[Tex/LaTex] Perform matrix operations (addition, product, transpose, etc.) in LaTeX

Question

I know the calc package can perform infix-notation arithmetic in LaTeX… but I want more!

I'd like to perform (not necessarily infix-notation) linear-algebra operations such as scalar multiplication, matrix addition and product in LaTeX, and then print the result in an array or in some matrix environment from amsmath.

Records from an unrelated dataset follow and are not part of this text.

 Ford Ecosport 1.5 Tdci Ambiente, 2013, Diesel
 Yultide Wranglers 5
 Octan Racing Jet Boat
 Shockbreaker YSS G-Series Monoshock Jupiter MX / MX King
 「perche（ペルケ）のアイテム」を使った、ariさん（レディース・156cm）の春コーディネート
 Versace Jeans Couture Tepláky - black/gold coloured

Why would I want to do that in LaTeX directly? Why do I not simply use some linear-algebra software, such as Matlab, Mathematica, etc.?

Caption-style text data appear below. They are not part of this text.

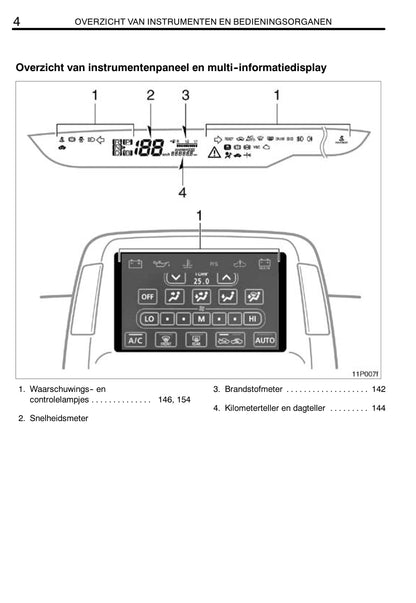 2008-2009 Toyota Prius Owner's Manual | Dutch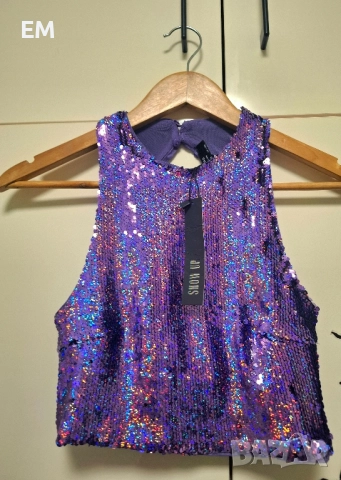 Бляскав топ от Bershka✨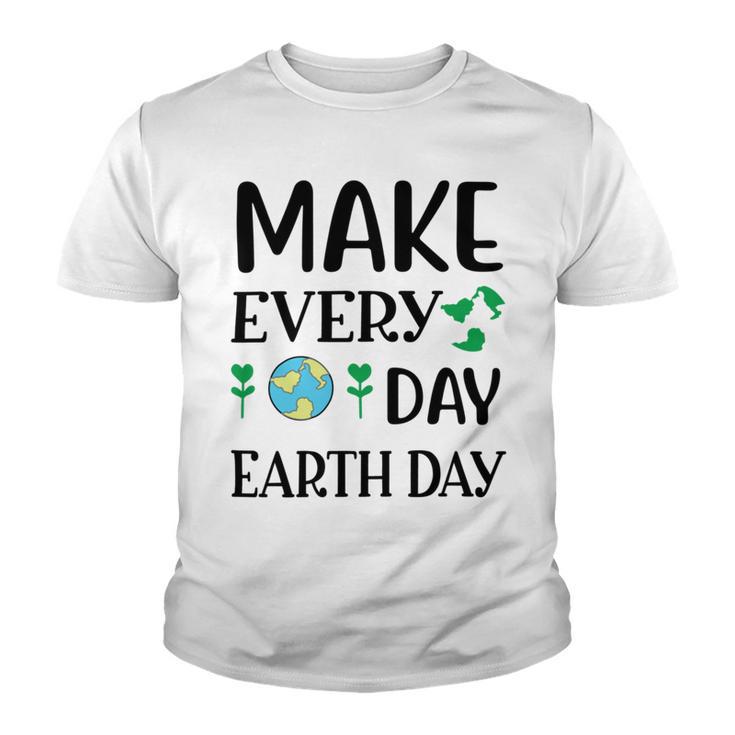 Make Every Day Earth Day Youth T-shirt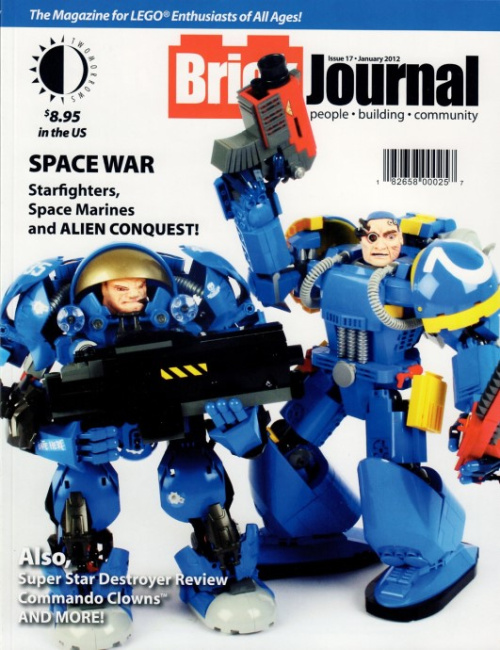 BRICKJOURNAL017-1 BrickJournal Issue 17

Well, suppose I want to walk my readers through a detailed linear-algebra calculation with many numerical examples. Of course, I could perform all the steps manually first and then hardcode the result of each step in my input file. However, this approach

• is prone to errors (LaTeX' arrays are not very user-friendly to typeset),
• lacks maintainability (I may decide to change the data in my example, which means I have to modify everything that follows).

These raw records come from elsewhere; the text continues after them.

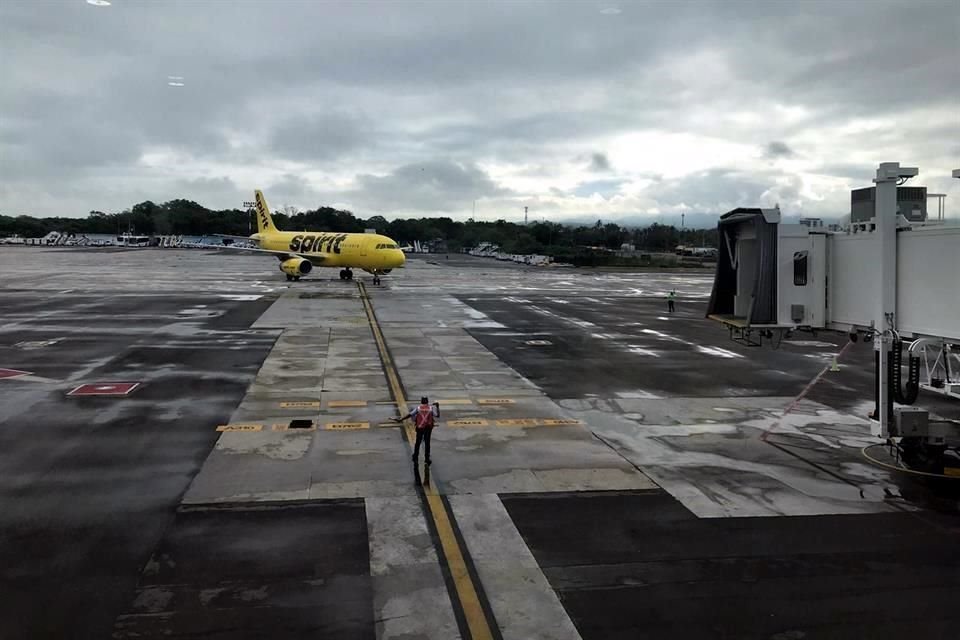 Desde julio, la aerolínea de bajo costo Spirit Airlines inauguró vuelos desde Los Ángeles, Houston y Dallas, a Puerto Vallarta.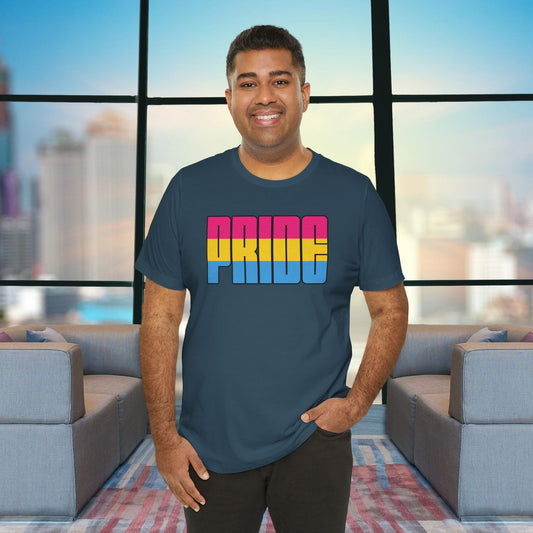 Deep Teal Pansexual Pride Tee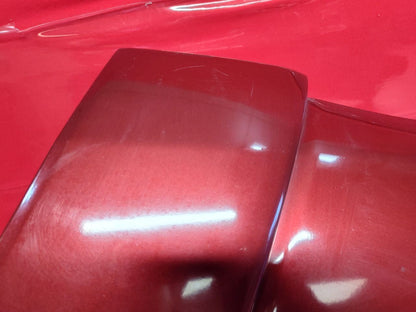 2003-2005 Toyota 4Runner LEFT DRIVER REAR Door Moulding Cladding Flare Mica Red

Hence my question: Is there a way of easily performing linear-algebra operations in LaTeX?

---

Ideally, I would like to

1. mimick Matlab's syntax for defining matrices (using commas as column separators and semicolons as end-of-row characters), performing operations on them, extracting sub matrices, etc.. The syntax could be something like the following:

   \let\A{1,2,3;4,5,6}
   \let\b{1;0;0}
   \let\c\matrixprod{\A,\b}
   \let\d\submatrix{\c}{(2,1)}
   

2. have a command that typesets a "matrix object" in an array or matrix environment, e.g.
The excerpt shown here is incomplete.